Kiwi confidence in tiger territory
New Zealand business optimism has skyrocketed, placing us fifth in the world, according to a new survey.
The Grant Thornton International Business Report showed New Zealand's business confidence had jumped to 74 per cent in the fourth quarter, from 64 per cent in the previous quarter.
The quarterly survey of 3250 businesses from 45 countries included 50 Kiwi businesses.
New Zealand came in behind the United Arab Emirates and the Philippines (both 90 per cent), Peru (84 per cent) and Indonesia (78 per cent).
However, overall global confidence levels dropped from 32 per cent to 27 per cent during the same period, the results showed.
Grant Thornton New Zealand partner Paul Kane said that for the first time in many years New Zealand was favoured by a growing local economy and renewed international interest following the global financial crisis.
"Much has already been noted in relation to the Christchurch rebuild, Auckland housing construction and booming dairy prices, but the sleeping giant of Asia is now starting to have a major influence on the New Zealand economy," Kane said.
He said the fact the Philippines, with a population of 99 million, was ranked first-equal in business confidence, and Indonesia, with 237 million, was ranked fourth, was of great interest.
Both countries had emerging middle classes, he said, adding that Indonesia was New Zealand's second-closest major trading partner after Australia.
"When you add the combined populations of India and China (2.5 billion) with the other growing economies of Korea, Taiwan, Malaysia, Thailand, Vietnam and Cambodia, then the potential is unlimited," he said.
New Zealand was already starting to see the first glimpses of these influences, Kane said.
The appetite for Kiwi agricultural products appeared to have no bounds, the demand for educational facilities was growing with students returning to Christchurch, and tourism, especially from China, was growing exponentially, he said.
Statistics NZ said exports to China for the November were $1.2 billion, a rise of $544 million or 80 per cent.

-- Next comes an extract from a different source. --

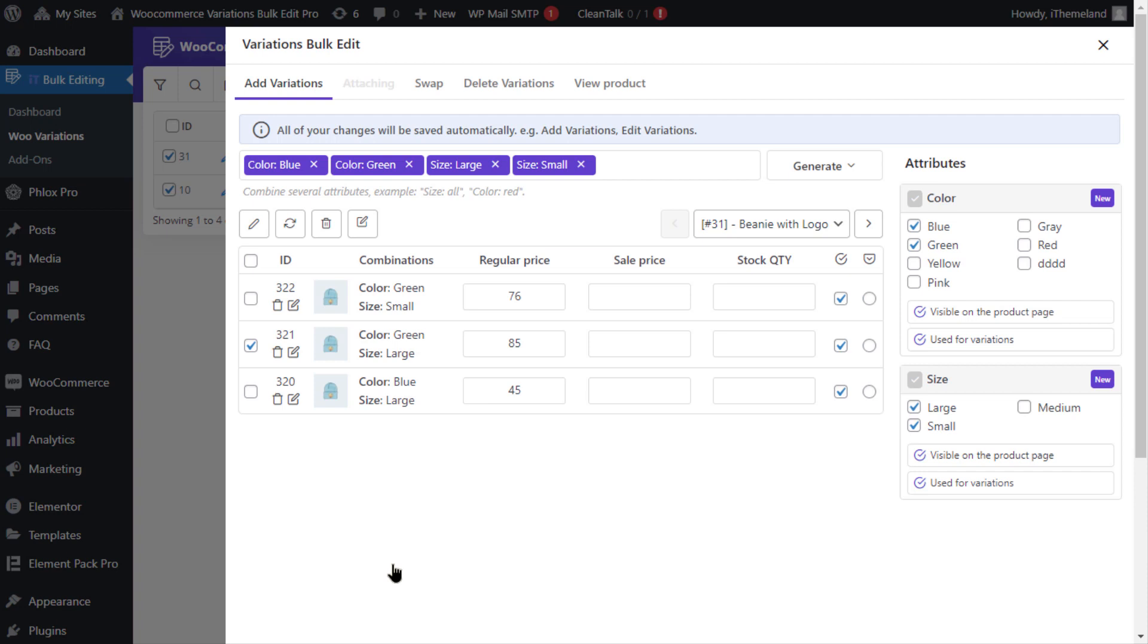Furthermore, if you ever need to bulk edit the weight and dimensions of all variations, you can select all variations of all selected products in the drop down list from the edit section and repeat the previous steps.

This was the highest value for exports to China for any month, which along with the record high in October, had resulted in China overtaking Australia as New Zealand's top exports destination on an annual basis, Statistics NZ said. Kane said it was important to think about all of Asia and not just China.

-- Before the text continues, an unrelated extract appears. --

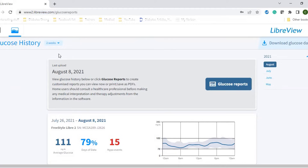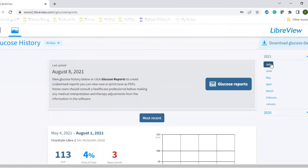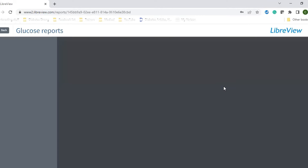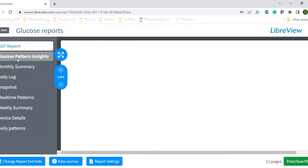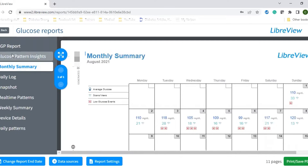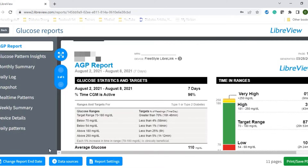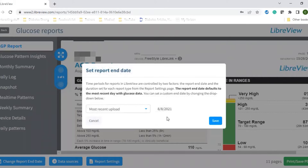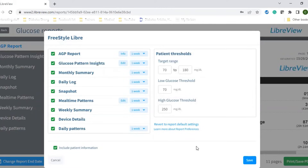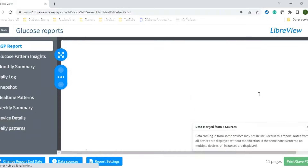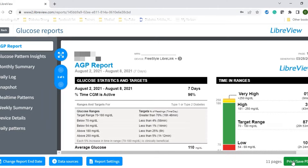All your glucose history will then be shown. You can choose how much time you want to see — you can go all the way up to 90 days. You can also choose different months. I don't have a lot of data in here because I don't use the Libre regularly, but you can choose whatever month you want. Then click Glucose Reports and it starts to load. This is the AGP report. You can click on whatever report you want to see: patterns, monthly summary, daily logs, etc. You can also change the dates and settings.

The other good news for the New Zealand economy was that Australian confidence almost doubled to 42 per cent from 23 per cent, he said.
Almost 70 per cent of New Zealand businesses surveyed expected an increase in profit in 2014, which ranked New Zealand fifth in the world in this category behind India, Peru, Taiwan and Indonesia.
However, the optimism had not yet translated into jobs across the board, Kane said. He said "the foundations look really good" and job growth was on the horizon.
"The good news for employees is that 86 per cent of New Zealand businesses intend giving a pay rise in 2014, ranking us seventh in the world in this area."